Clarification on Lazy Evaluation and its efficiency

Question

I came across following sentence on Real World Haskell:

Lazy evaluation has some spooky effects. Let's say we want to find the k least-valued elements of an unsorted list. In a traditional language, the obvious approach would be to sort the list and take the first k elements, but this is expensive. For efficiency, we would instead write a special function that takes these values in one pass, and it would have to perform some moderately complex book-keeping. In Haskell, the sort-then-take approach actually performs well: laziness ensures that the list will only be sorted enough to find the k minimal elements.

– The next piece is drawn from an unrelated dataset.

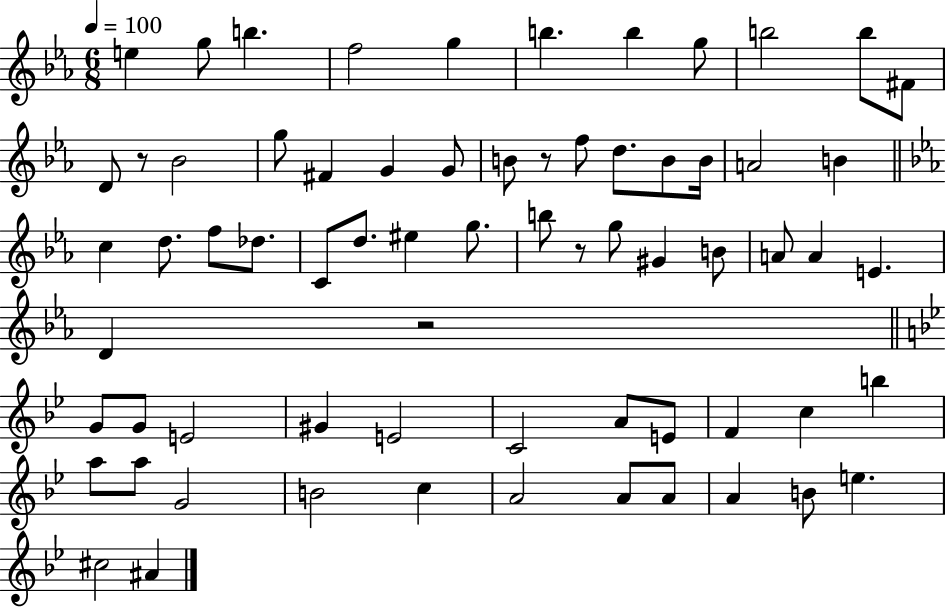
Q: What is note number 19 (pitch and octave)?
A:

And they give an code implemntation for that:

minima k xs = take k (sort xs)

But is that so ? I think even in Haskell it should do a full sort of the list to take out the k elements. ( Imagine having the smallest number at the end of the list ). Am I missing something here ?

Answer 1

(Just putting my comment to answer here) Traversing the whole list is not equivalent to sorting it. Assume doing quicksort where you partition the list around the pivot and then recursively sort left and right half of the list. If you are asking just for elements on the left half then there is no need to sort the right half. This argument can be applied recursively. Thus if you are taking k elements from n length list after sorting, the complexity is O(n + klog k) and not O(n log n). As pointed by @MoFu, Heinrich has a good blog post here.